Interdum stultus opportuna loquitur...

Monday, January 23, 2006

ParisRant: Told You - Money For Old Rope...

Note - from June 24th 2009, this blog has migrated from Blogger to a self-hosted version. Click here to go straight there.

Short the SPI here... it is money for jam, and will probably end up being one that we ride all year. (Sorry to SPISpyers for leaving the good oil in a public spot, but I can't get access to my mailer from a public internet cafe).

GT - 12:55 a.m., Friday Jan 19th

Sacre bleu Batman... how easy was that SPI short? As I have mentioned to all who asked, the SPISpy has of necessity been in hiatus while we wait for the Froggish telephony companies to instal our fast internet access. As a reslt I have decided to post - in this free spot right here - some medium-term guidance for the SPI... gratis.

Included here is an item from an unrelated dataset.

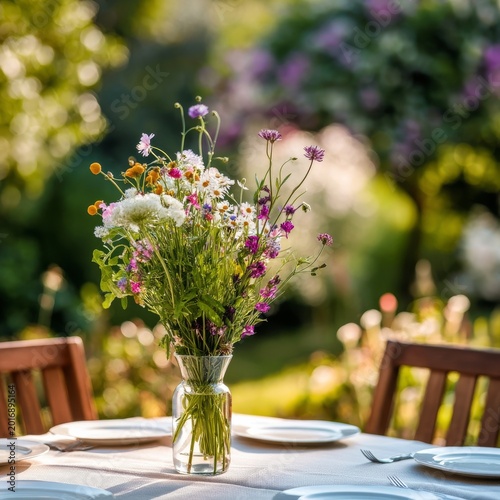 Dining Table Set With Flowers in the Garden During a Warm Afternoon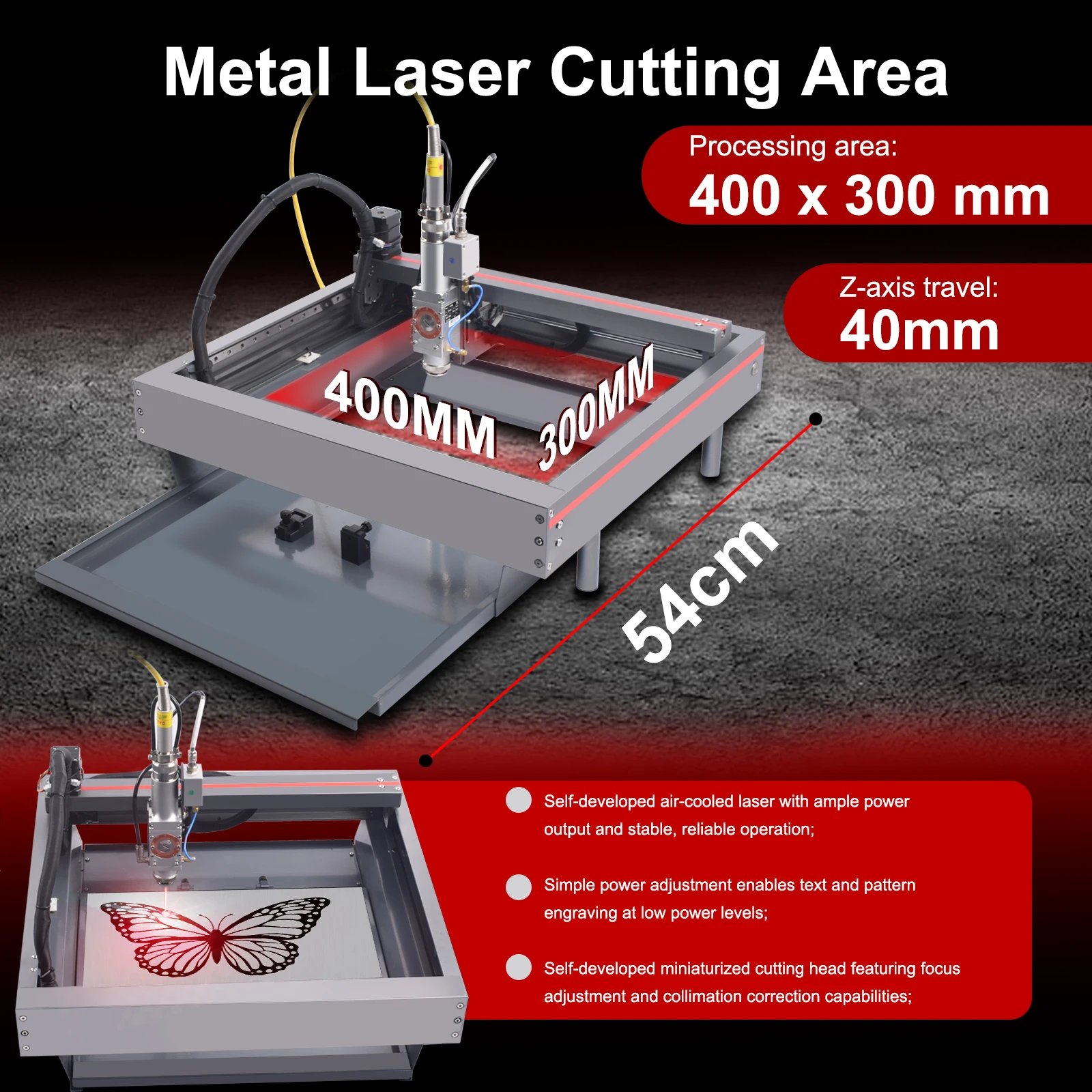 700W Compact Desktop Air-Cooled 3-Axis Industrial Laser Metal Cutting Machine for All Metal DIY Cutting Marking WIFI Connection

I made that last thing sound like it's the fault of the Froggie telephony companies that I on't have fast internet. it's not really... the place we're renting (for a lazy €2000) was supposed to have fast internet, but it doesn't. We have not yet finalised a lease on the little place in le Vesinet; you will not believe how beautiful that area is, even in winter.

over here, €29.99 a month gets you unlimited ADSL at 20Mbps, unlimited telephony (including calls to the US, Australia and the rest of Western Europe) and cable TV with 100 channels. A mobile dea lfor €32 gets you unlimited weekend and evening (after 6 p.m.) calls to fixed lines, and unlimited 3G traffic. Splendid. I especially can't wait for the cable TV - re-runs of Dallas and Love Boat are really doing my head in.

Well, the SPI at the time (12:55 a.m. Oz time, Friday) was just over 4820; as with all medium-term SPI-ing there was a requirement to ride an uncomfortable burst of enthusiasm from the nuffnuff herd... but it's all smelling of roses now (at one stage yesterday moning Oz time, the 'trade' was up 70 SPI points).

honestly, if the nufnuffs were smart enough to read this page, we could save them a lot of expenditure on antacid tablets, n'est-ce pas? instead, the nuffies of the world get their guidance from the saltimbanques who think that the market is their plaything. (Saltimbanque is a word I just learned - it has a meaning clsoe to 'charlatan' but is more perjorative... but not as bad as 'salaud', which is what brokers are as well).

You will note from the above that I envisage trading 'around' this SPI short for a good deal of the rest of the year. Note also that the high for the S&P was 1301 or thereabouts; it is early days yet, but I believe that this will be the high for the year. If I'm right (and I am pretty confidetn that I am) this year will be - as we Parisians say - un cauchemar... a nightmare. You might not know it from the slightly-crosseyed Shiny Happy Faces of the True Believers, but everything points to a great deal of agony for the Common Man.

Western economies are in disastrous financial shape - although their FLOW analytics can be disguised for a time, their STOCK analytics are woeful. By that, I mean that although GDP numbers (measures of output FLOW) can be massaged through hedonics, chain-link indexing and rent imputation (combined, these add about 1.8% to GDP growth and subtract 1.7% from the CPI), the real disaster is in the STOCK (balance sheet) numbers. Debt to income ratios - which are a measure of where consumers, producers and governments are on their intertemporal budget constraints - are at levels which historically associate with subsequent periods of economic dislocation. Forget what you hear about 'flow-flow' relationships (e.g., debt-servicing ratios) which LOOK manageable. These ratios are manageable solely because the price of credit has been aritifically suppressed for almost 6 years; when this unhinges, it will be magnificent to behold, and will probably cause a discontinuous 'change of state' in a good deal of the West - by which I mean a political wave similar to that which is now sweeping Latin America... putting anti-globalisation populists into power. think of the sweep of fascism across post-Depression Western Europe, or the creeping fascism that has permeated some of the West since 9/11... and don't think for a moment that I think political populists have all the answers... like all politicians they have NONE of the answers.